> **Source data**:

- Opening Delimiter -

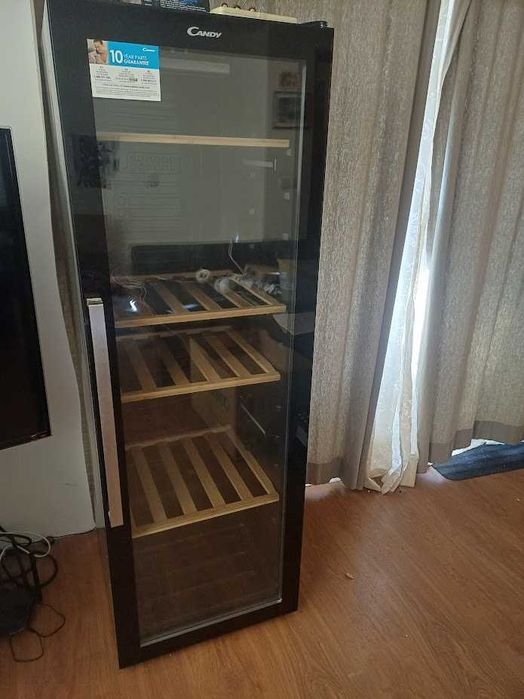 Виноохладител CANDY CWC 200 EELW/N 146.00 см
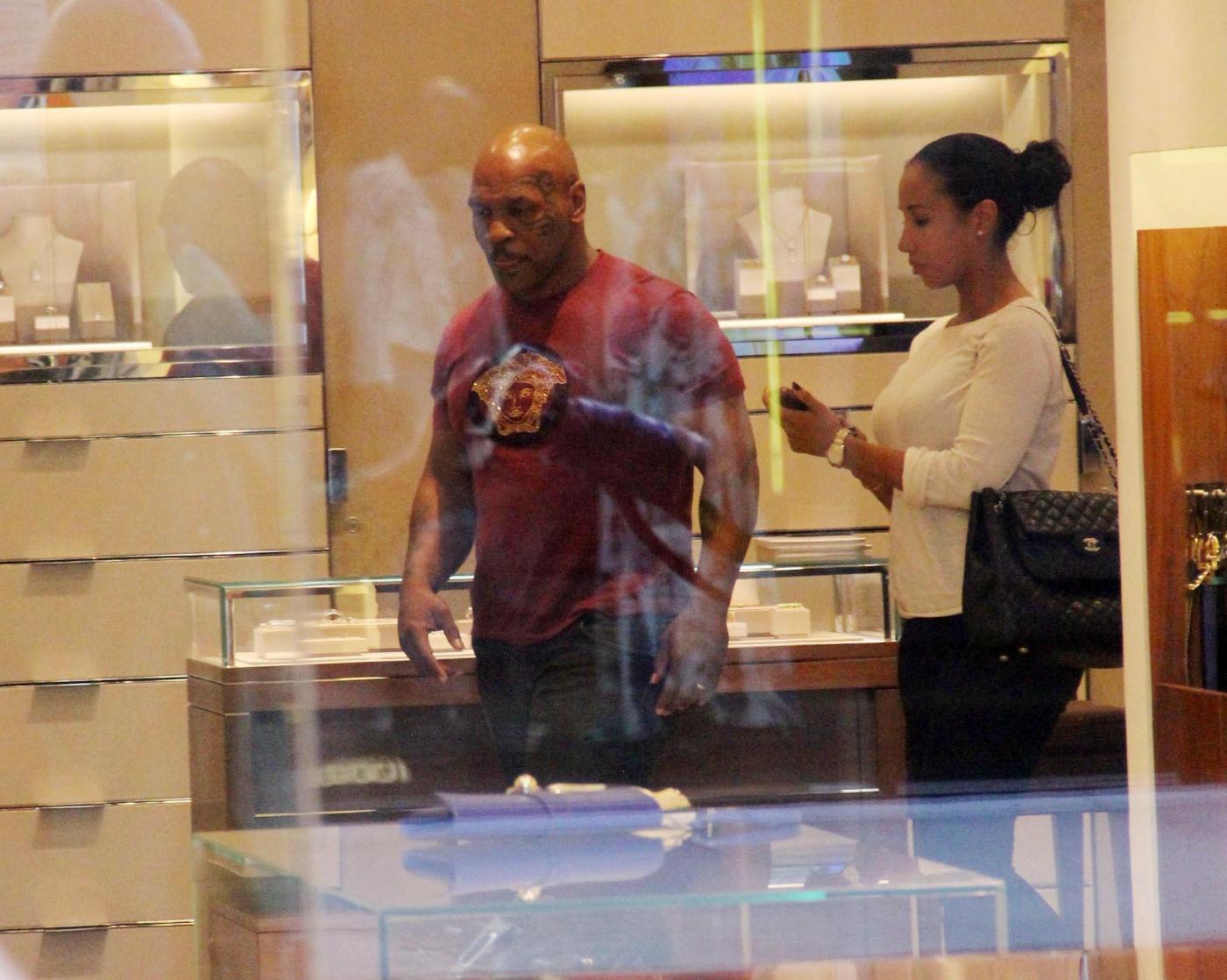 Mike Tyson stregato dalla boutique di Salvatore Ferragamo (foto)07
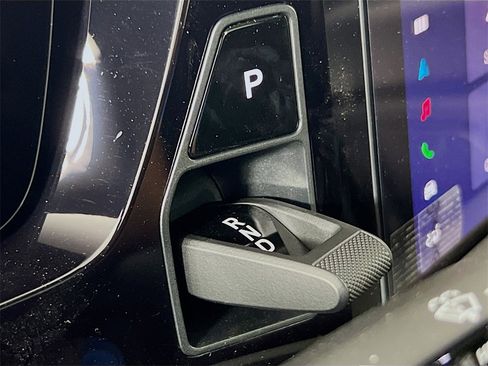 New 2025 Porsche Macan 4 Electric image 19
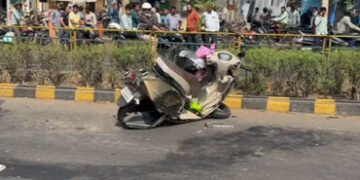 અમદાવાદમાં CTM પાસે BRTS ટ્રેકમાં મોપેડ ચાલકની બસ સાથે ટક્કર, 60 ફૂટ સુધી ઢસડાતા યુવકનું મોત | Ahmed…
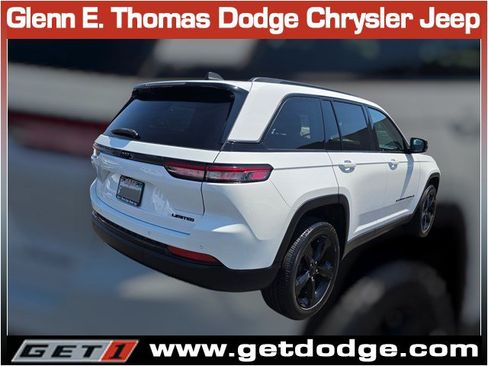 Used 2023 Jeep Grand Cherokee Limited w/ Black Appearance Package RWD image 9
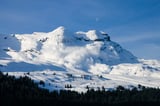 Avalanche strikes Austria, 250 rescuers deployed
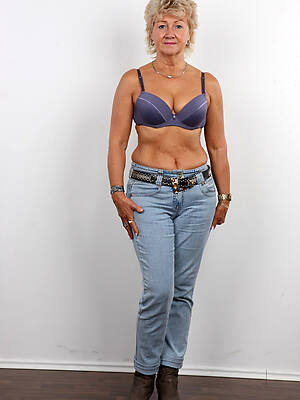 horny mature in jeans sexual intercourse pic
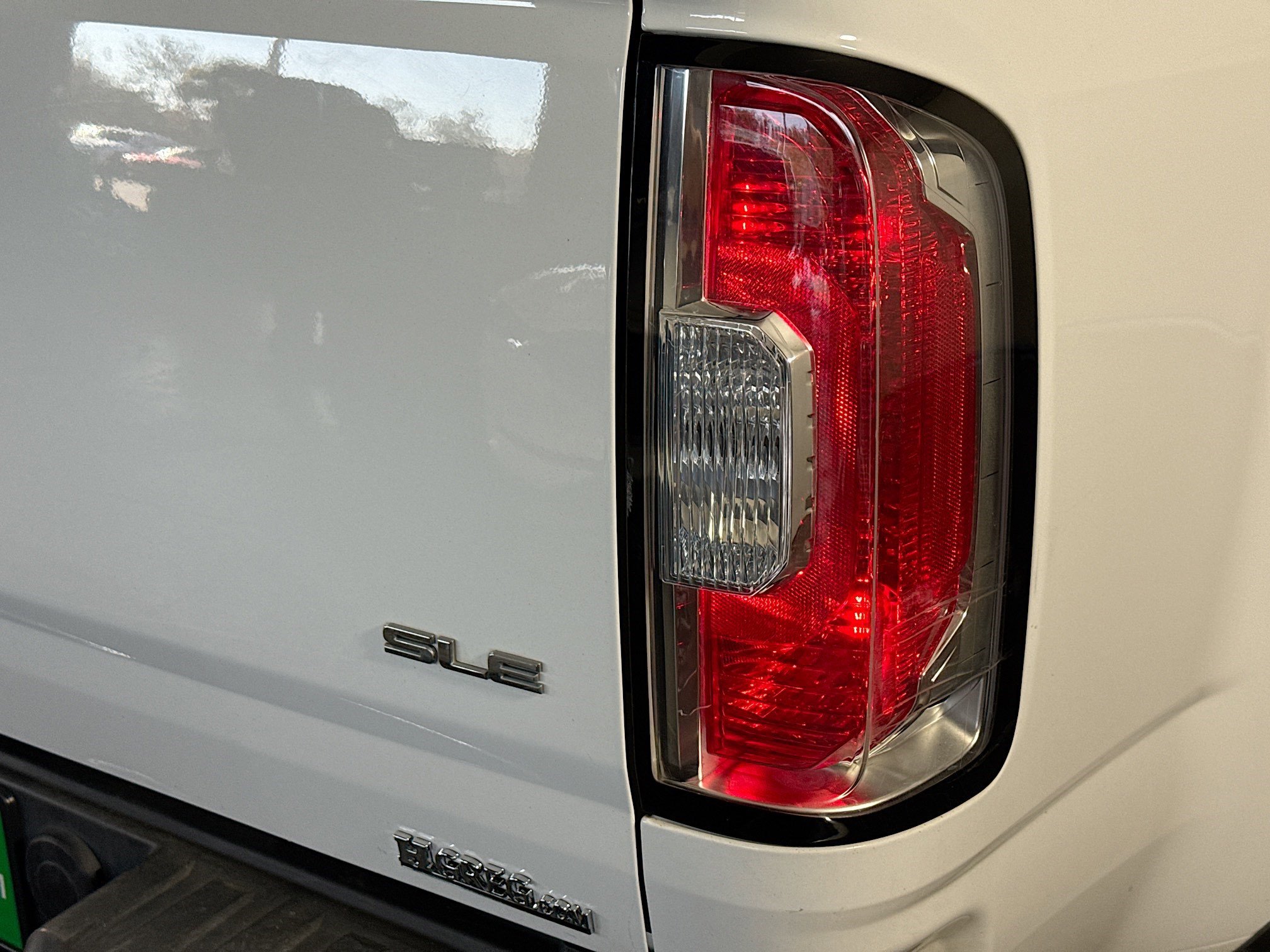 Used 2020 GMC Canyon SLE w/ Elevation Edition image 33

- Closing Delimiter -

> **Problem to work on**: Restate the records above in full, word for word. Keep pictures out.

> **Response to this task**:
 Виноохладител CANDY CWC 200 EELW/N 146.00 см
 Mike Tyson stregato dalla boutique di Salvatore Ferragamo (foto)07
 New 2025 Porsche Macan 4 Electric image 19
 અમદાવાદમાં CTM પાસે BRTS ટ્રેકમાં મોપેડ ચાલકની બસ સાથે ટક્કર, 60 ફૂટ સુધી ઢસડાતા યુવકનું મોત | Ahmed…
 Used 2023 Jeep Grand Cherokee Limited w/ Black Appearance Package RWD image 9
 Avalanche strikes Austria, 250 rescuers deployed
 horny mature in jeans sexual intercourse pic
 Used 2020 GMC Canyon SLE w/ Elevation Edition image 33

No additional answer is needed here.